> _Available data_:
---

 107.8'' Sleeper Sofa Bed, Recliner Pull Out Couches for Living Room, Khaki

---

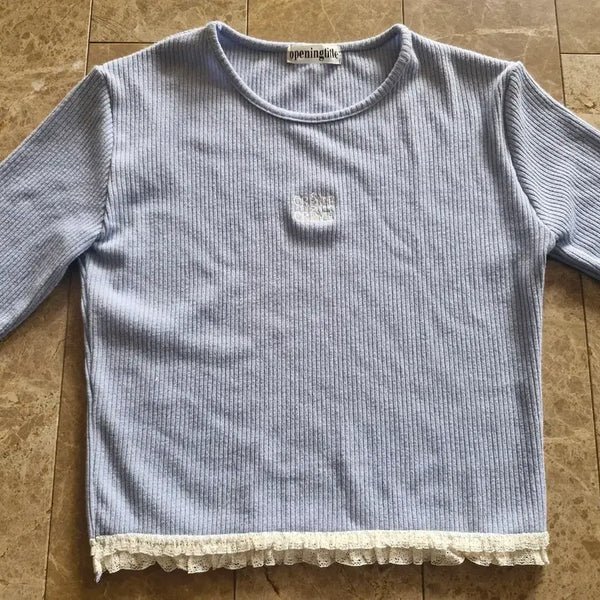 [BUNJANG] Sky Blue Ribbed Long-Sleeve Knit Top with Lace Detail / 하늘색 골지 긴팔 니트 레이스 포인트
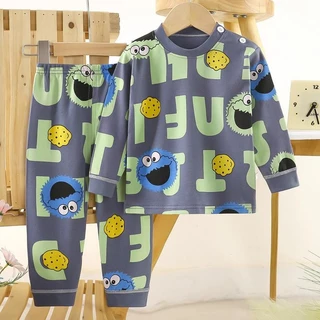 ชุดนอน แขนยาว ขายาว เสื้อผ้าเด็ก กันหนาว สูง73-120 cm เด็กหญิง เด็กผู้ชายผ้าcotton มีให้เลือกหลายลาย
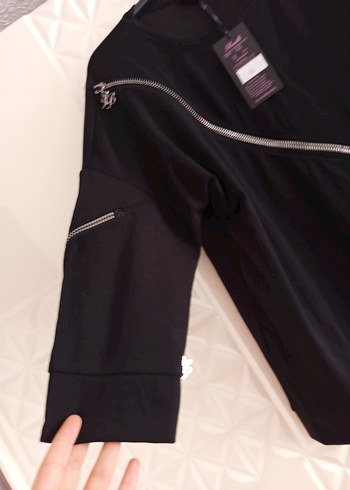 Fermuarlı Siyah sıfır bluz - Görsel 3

---

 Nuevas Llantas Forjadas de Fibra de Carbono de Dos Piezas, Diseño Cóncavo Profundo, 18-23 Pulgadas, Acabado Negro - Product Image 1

---

> _Brief_:
Write back the stretch of lines above that begins with the line holding "[BUNJANG] Sky Blue" and ends with the line holding "Fermuarlı Siyah sıfır bluz - Görsel 3", both included, exactly as written. Pictures stay out.

> _Exercise response_:
 [BUNJANG] Sky Blue Ribbed Long-Sleeve Knit Top with Lace Detail / 하늘색 골지 긴팔 니트 레이스 포인트
 ชุดนอน แขนยาว ขายาว เสื้อผ้าเด็ก กันหนาว สูง73-120 cm เด็กหญิง เด็กผู้ชายผ้าcotton มีให้เลือกหลายลาย
 Fermuarlı Siyah sıfır bluz - Görsel 3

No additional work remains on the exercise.